Incorporating Cardioprotective Effects of Once-Weekly Semaglutide in Estimates of Health Benefits for Patients with Type 2 Diabetes

Abstract

Economic modeling of type 2 diabetes (T2D) relies on sets of risk equations (e.g., UKPDS 68) to predict cardiovascular (CV) events and mortality as mediated through changes in risk factors (e.g., HbA1c). Recent CV outcomes trials (CVOTs) have shown significant benefits in events over a short time period (between 2-4 years), along with beneficial changes in risk factors such as blood pressure, HbA1c, and weight. The contributions of these changes to the observed outcomes within these CVOTs are unclear.
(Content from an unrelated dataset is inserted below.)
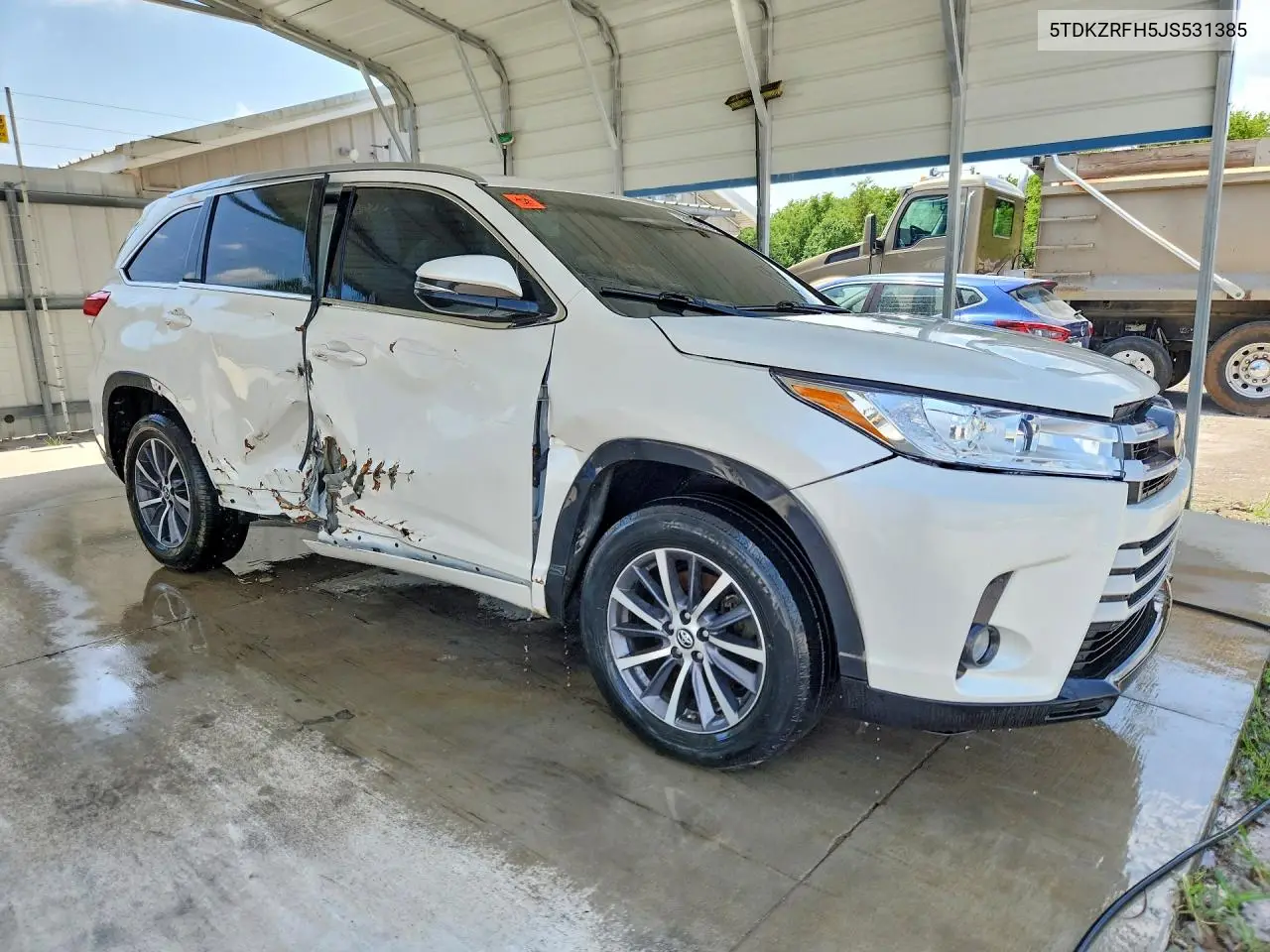 2018 TOYOTA HIGHLANDER VIN 5TDKZRFH5JS531385 — фото 4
In patients with high CV risk, the SUSTAIN 6 trial of once-weekly semaglutide+standard of care (SoC) reported a statistically significant reduction in stroke (HR=0.61) after 104 weeks vs. placebo+SoC. We sought to establish the contribution of risk factor changes to this observed outcome, by evaluating the performance of traditional risk equations in predicting outcome benefits seen with once-weekly semaglutide. As a secondary objective, the impact of incorporating the stroke benefit on estimated long term health benefits was assessed. The IQVIA Core Diabetes Model was used to assess predictive accuracy of the UKPDS 68 risk equations on the observed stroke benefit. Secondly, the model was calibrated to preserve the ratio of the observed cumulative incidence of stroke between treatment arms. Finally, results were extrapolated over 50 years. The UKPDS 68 equations were able to predict 64% of the observed 2-year stroke risk reduction, suggesting a drug-mechanistic effect other than changes in risk factors. Calibration results indicate that a relative risk of stroke of 0.83 (17% reduction) applied to once-weekly semaglutide was required to preserve the cumulative incidence ratio. Results of extrapolation increased quality-adjusted life-years by 0.18 and life-years by 0.29 vs. placebo+SoC. Results of this analysis may have implications on future approaches assessing the long term economic impact of new therapies in T2D in this era of multiple CVOTs. Disclosure M. Evans: Advisory Panel; Self; Novo Nordisk A/S. Consultant; Self; Novartis AG, Boehringer Ingelheim Pharmaceuticals, Inc., Janssen Pharmaceuticals, Inc., Merck Sharp & Dohme Corp. P. Johansen: Consultant; Self; Janssen Global Services, LLC.. Employee; Self; Novo Nordisk A/S. H. Vrazic: Employee; Self; Novo Nordisk A/S.